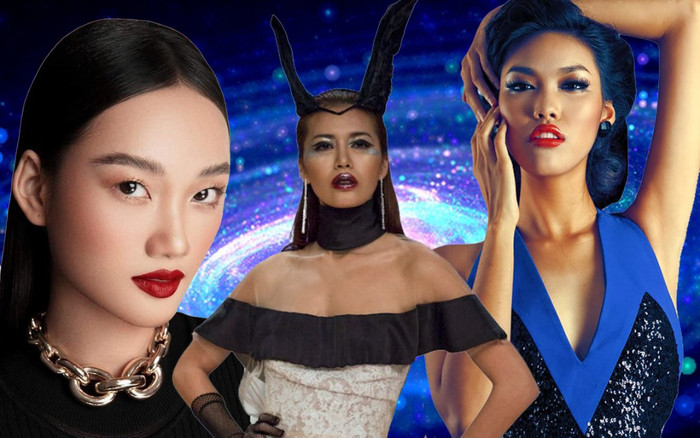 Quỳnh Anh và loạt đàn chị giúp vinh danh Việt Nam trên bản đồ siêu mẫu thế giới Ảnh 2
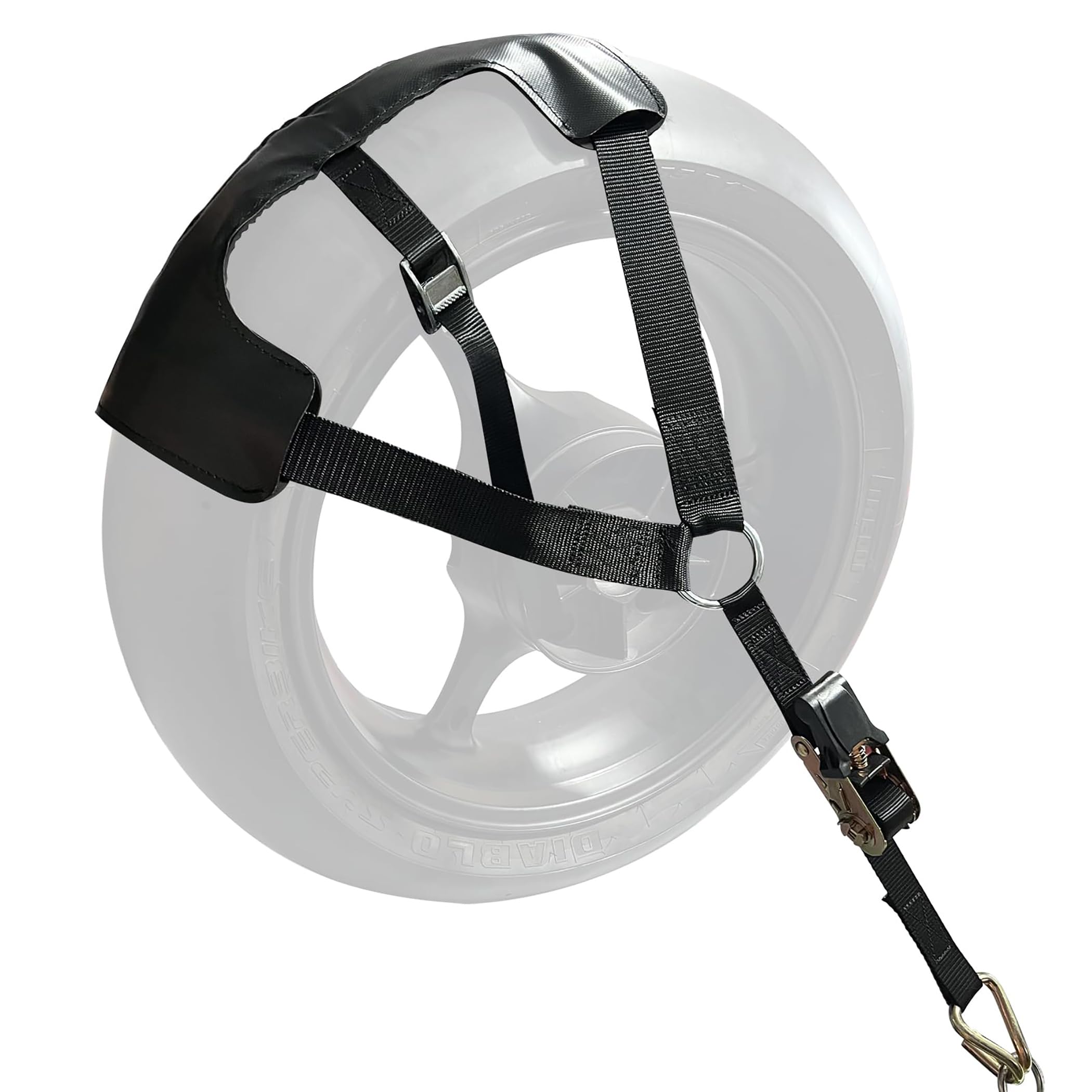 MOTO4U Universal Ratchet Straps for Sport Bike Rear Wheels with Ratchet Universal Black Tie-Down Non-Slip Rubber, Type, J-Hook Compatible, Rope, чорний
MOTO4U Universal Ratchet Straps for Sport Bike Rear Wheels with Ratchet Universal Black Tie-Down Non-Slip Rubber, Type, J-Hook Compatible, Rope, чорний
--
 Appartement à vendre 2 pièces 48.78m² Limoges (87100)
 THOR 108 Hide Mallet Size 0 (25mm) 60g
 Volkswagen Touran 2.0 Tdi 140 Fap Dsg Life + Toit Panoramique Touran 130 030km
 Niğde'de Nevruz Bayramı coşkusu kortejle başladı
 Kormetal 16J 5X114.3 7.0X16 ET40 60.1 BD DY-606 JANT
--
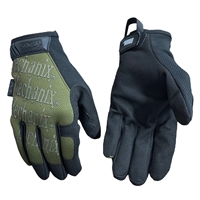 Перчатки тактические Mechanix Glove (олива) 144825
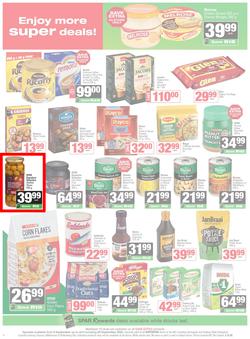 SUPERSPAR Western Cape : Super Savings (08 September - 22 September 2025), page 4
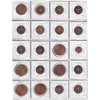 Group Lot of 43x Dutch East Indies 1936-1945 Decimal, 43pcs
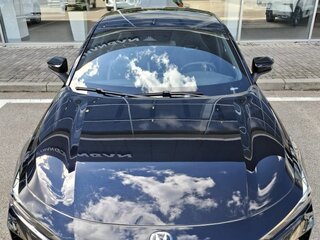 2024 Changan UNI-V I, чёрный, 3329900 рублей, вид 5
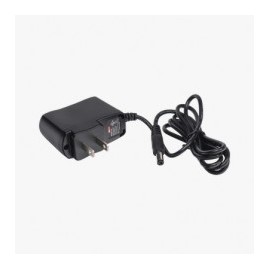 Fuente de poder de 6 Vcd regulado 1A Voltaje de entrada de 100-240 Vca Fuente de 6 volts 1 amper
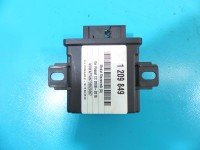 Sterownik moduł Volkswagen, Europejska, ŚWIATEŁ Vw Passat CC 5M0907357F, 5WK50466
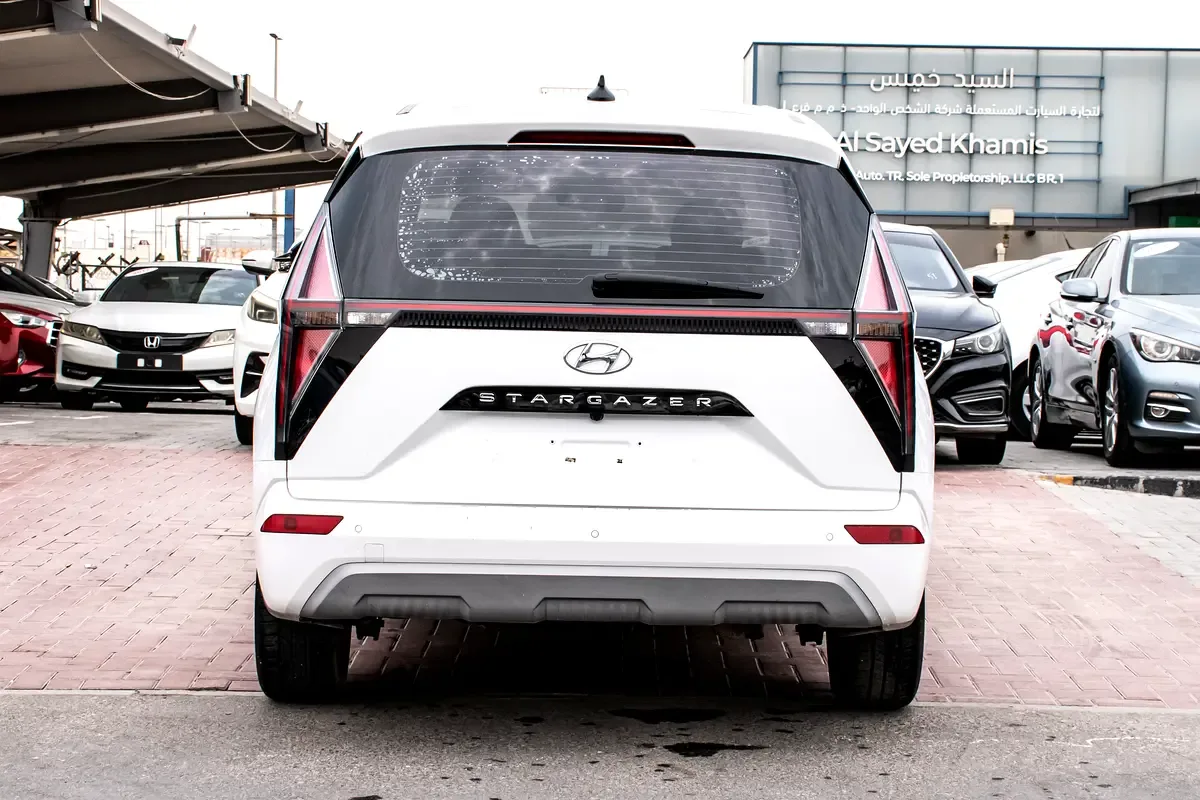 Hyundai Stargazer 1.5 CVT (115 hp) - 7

* _INSTRUCTIONS FOR THE TASK_
Of the lines above, copy only those from the one holding "Sterownik moduł Volkswagen, Europejska, ŚWIATEŁ" to the one holding "Hyundai Stargazer 1.5 CVT (115 hp) - 7", both included, and exclude every image.

* _SOLUTION_
 Sterownik moduł Volkswagen, Europejska, ŚWIATEŁ Vw Passat CC 5M0907357F, 5WK50466
 Hyundai Stargazer 1.5 CVT (115 hp) - 7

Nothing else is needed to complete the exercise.